◆ WORK INSTRUCTIONS: Output the entries below exactly as written, omitting pictures.

:: PROVIDED DATA ::

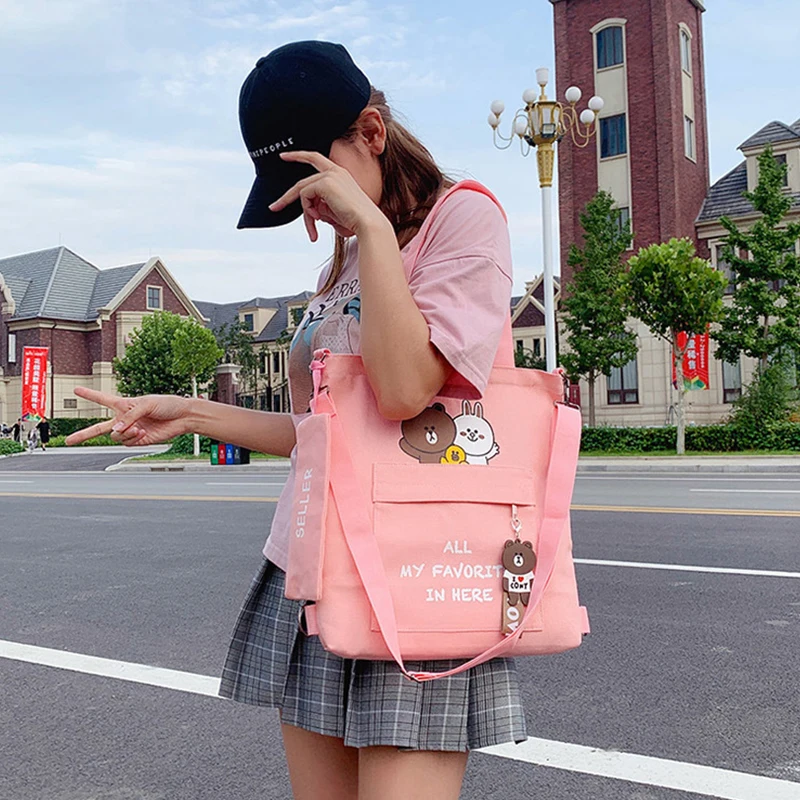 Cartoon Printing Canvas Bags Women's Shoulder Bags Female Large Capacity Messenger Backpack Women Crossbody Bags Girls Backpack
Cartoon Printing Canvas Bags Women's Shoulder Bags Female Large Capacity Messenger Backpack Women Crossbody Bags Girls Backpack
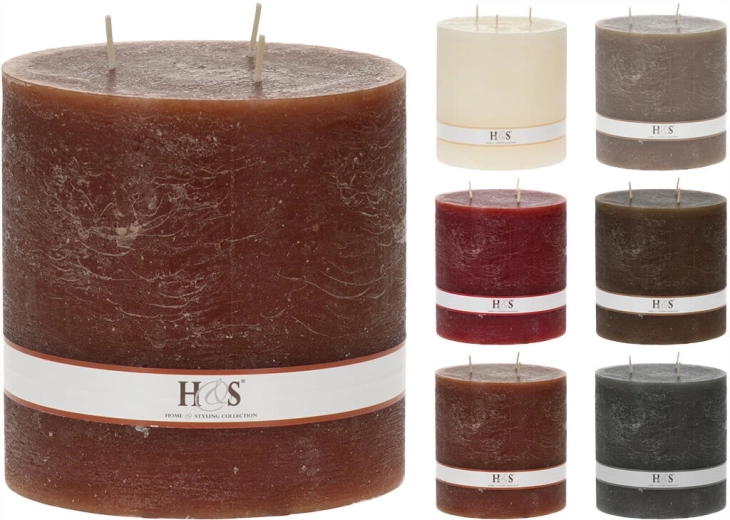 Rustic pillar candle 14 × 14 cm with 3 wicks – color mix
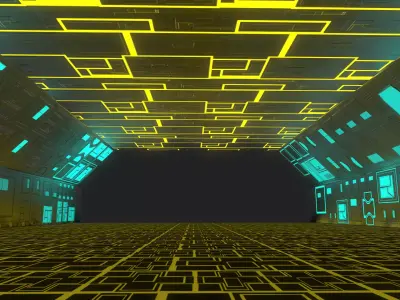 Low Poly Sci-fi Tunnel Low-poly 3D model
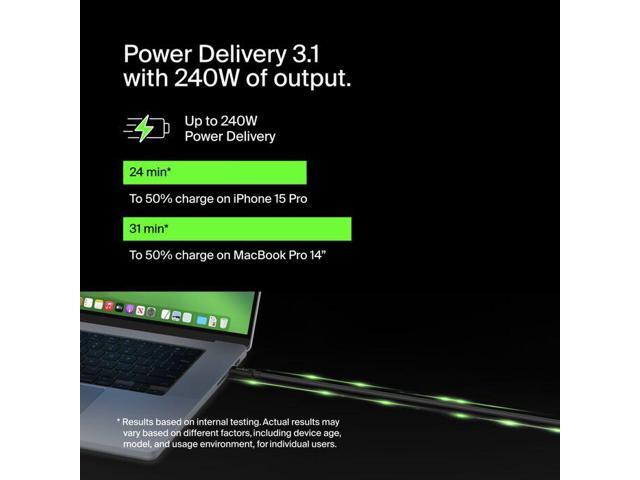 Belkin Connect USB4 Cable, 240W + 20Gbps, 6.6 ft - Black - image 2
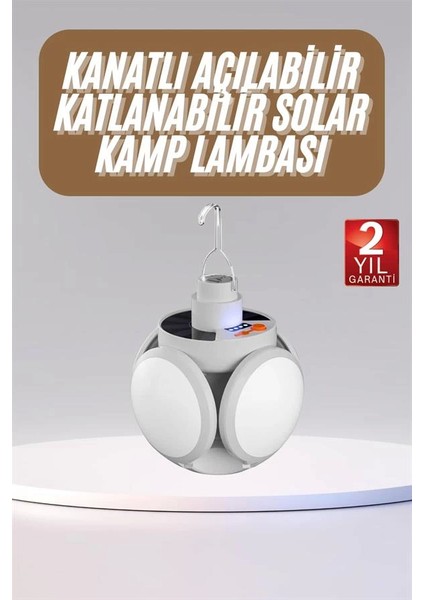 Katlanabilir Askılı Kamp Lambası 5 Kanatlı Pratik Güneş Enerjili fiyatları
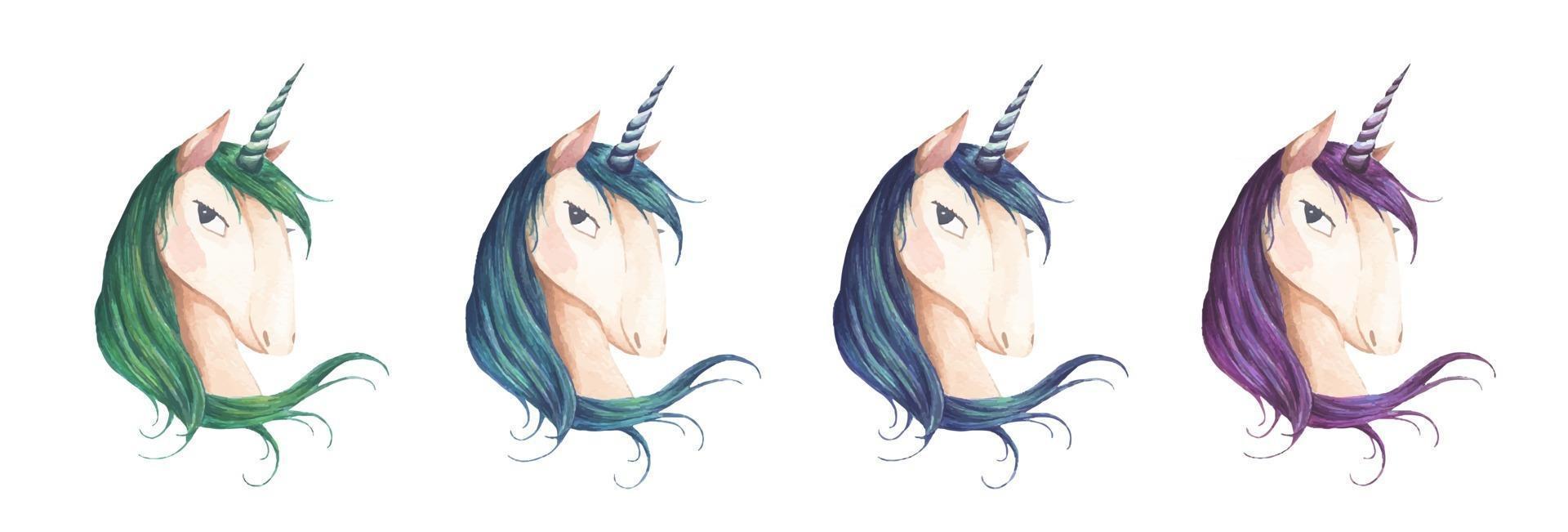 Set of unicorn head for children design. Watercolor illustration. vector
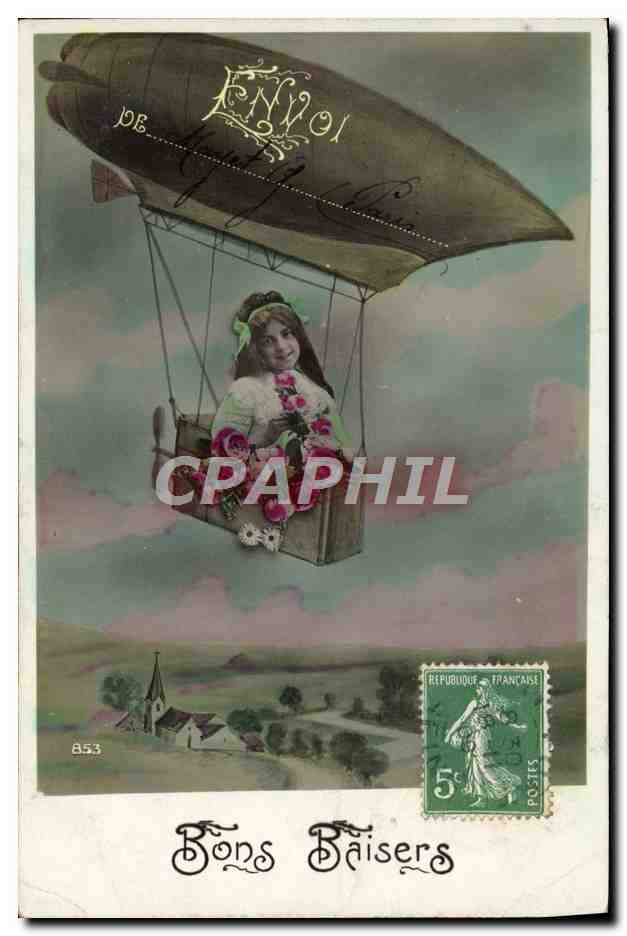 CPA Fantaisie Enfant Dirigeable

:::

◆ FINISHED EXERCISE:
 Cartoon Printing Canvas Bags Women's Shoulder Bags Female Large Capacity Messenger Backpack Women Crossbody Bags Girls Backpack
Cartoon Printing Canvas Bags Women's Shoulder Bags Female Large Capacity Messenger Backpack Women Crossbody Bags Girls Backpack
 Rustic pillar candle 14 × 14 cm with 3 wicks – color mix
 Low Poly Sci-fi Tunnel Low-poly 3D model
 Belkin Connect USB4 Cable, 240W + 20Gbps, 6.6 ft - Black - image 2
 Katlanabilir Askılı Kamp Lambası 5 Kanatlı Pratik Güneş Enerjili fiyatları
 Set of unicorn head for children design. Watercolor illustration. vector
 CPA Fantaisie Enfant Dirigeable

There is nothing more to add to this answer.